= Emilio Lissón =

Coat of arms

Emilio Juan Francisco Lissón y Chávez, C.M. (24 May 1872 – 25 December 1961), was an Archbishop of Lima, Peru.

== Early years ==
Lissón was born in the city of Arequipa to a strongly Catholic family. He entered the Congregation of the Mission, commonly referred to as the Vincentian Fathers, in 1891. He was sent to France to pursue his theological studies and was ordained as a Catholic priest in Paris on 8 June 1895 by Archbishop Hilarion Joseph Montéty Pailhas, C.M.

== Episcopacy ==
In April 1909, Lissón was appointed by Pope Pius X as the Bishop of Chachapoyas. He was consecrated for this office the following 19 September. In 1911, during the course of a trip to Rome, he visited the General Motherhouse of the Passionists to request help for the work in his diocese. As a result, six priests and six lay brothers of that congregation were assigned to his territory in 1913, and worked there until 1918. In that year, he was promoted by Pope Benedict XV to the post of Archbishop of Lima and Primate of Peru.

== Episcopal Work ==
Lissón organized and presided at several episcopal assemblies, as well as at an Archdiocesan Synod (1926) and a Provincial Council (1927).
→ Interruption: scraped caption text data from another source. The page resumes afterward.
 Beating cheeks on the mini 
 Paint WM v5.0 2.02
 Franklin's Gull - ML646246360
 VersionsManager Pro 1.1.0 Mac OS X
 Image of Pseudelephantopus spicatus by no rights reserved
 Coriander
He promoted the creation of the Apostolic Prefecture of San Gabriel of the Marañón, based in Yurimaguas, under the charge of the Passionist Fathers.
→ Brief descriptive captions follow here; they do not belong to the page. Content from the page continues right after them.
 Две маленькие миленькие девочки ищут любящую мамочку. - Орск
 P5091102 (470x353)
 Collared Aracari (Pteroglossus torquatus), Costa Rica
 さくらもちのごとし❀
Lissón resigned his office on 3 March 1931. The Holy See appointed him titular Archbishop of Mithimna and then named Mariano Holguín, O.F.M., the Bishop of Arequipa, as the Apostolic Administrator of the archdiocese of Lima, until 1933 when Pedro Pascual Francisco Farfán was named archbishop.

Lissón moved to Spain, devoting himself to compiling papers on the history of the Church in Peru and died there on Christmas Day of 1961.